Tuesday, January 26, 2010

On further denying reality: Do sexual ambiguities support the distinction between sex and gender?

Our old friend Josh Rosenau of the National Center on Science Education (NCSE) exercises his idea of science (although perhaps 'exorcising' might have captured my meaning better) on the question of the meaning of the new political term 'transgender." Normally, the NCSE occupies itself in going around the country giving finger-wagging lectures on how creationism isn't science. But Rosenau lives a double life, on one day condemning creationism for not being science, and on the next championing political ideas masquerading as science--and feeling very scientific as he does so.

Someone really needs to keep him in his little laboratory so that he doesn't wander so far off in the logical wilderness that he can't find his way home.

I had made light of the idea being espoused in higher education circles (and, incidentally, the term 'higher' in the expression 'higher education' must now be taken in its pharmaceutical sense) that people can simply change their sex by deciding to be something else.

Josh the Science Man, however, abandoning the standards he claims to apply to other scientific issues, seems himself to be as intoxicated by the idea of "transgenderism" as the silly postmodernists that came up with the concept.

Rosenau--and another commenter on my blog--invokes cases like that of Caster Semenya, as evidence for the idea that one's sex can differ from his or her gender. Now, I hesitate to try to explain fine logical distinctions to Rosenau, a proud practitioner of the fallacies of guilt by association and undistributed middle, so maybe I should just ask him the question: What does the case of Semenya have to do with the question of whether sex differs from gender?

The case of Semenya, the athlete whose actual sex came into question because of her masculine characteristics, has nothing to do with a difference between sex and gender; it has simply to do with whether she's a male or a female. It says absolutely nothing about whether sex and gender are different categories of things.

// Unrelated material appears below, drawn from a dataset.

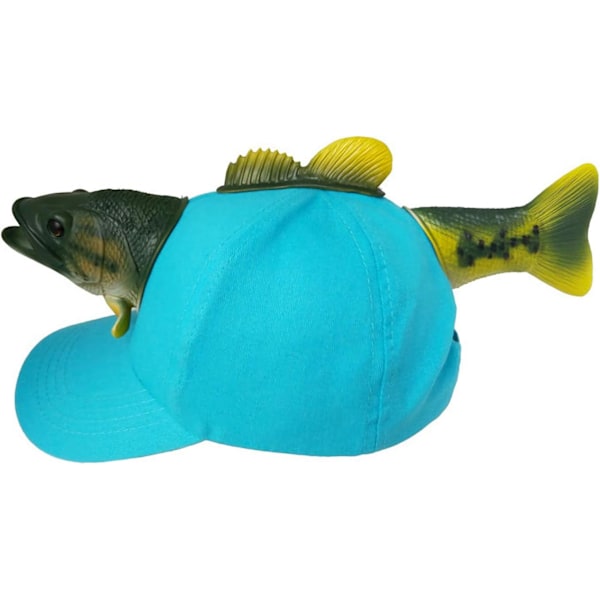 Fierce Dinosaur Barnhatt för Barn - Solskydd, Casual, Justerbar Blue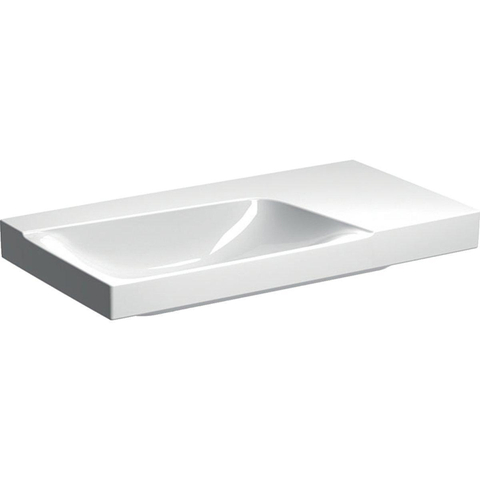 Geberit Xeno2 wastafel - 90x48cm - zonder kraangat - zonder overloop KeraTect - wit SW417539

Here's what the "transgender" advocates do: Whenever you question the legitimacy of terms like 'transgender', which, used the way it was used in the article I was criticizing, are political in nature. It's as if someone were to say that they believed that race and ethnicity were not distinct categories, and someone (I'm picturing Rosenau here) responded, "How can you say such things when there are people whose racial makeup is ambiguous?"

Does racial ambiguity support the idea that there is a difference between race and ethnicity? I strongly suggest to Rosenau's colleagues that they refrain from divulging to him the existence of such natural phenomena as mules, lest he conclude from their existence that biological species must therefore be distinguished from zoological groupings.

But Rosenau's remarks do prove one thing: there is a definite distinction to be made between being a science graduate student and being a logician.

3 comments:

Art said...

Martin, you are aware that there are places on earth where you would be considered to be effeminate and confused of gender, aren't you?

Martin Cothran said...

You mean because I liberally allow questions having little to do with the point of my posts on my blog?

Isaac said...

I very much miss these discussions in class Mr Cothran.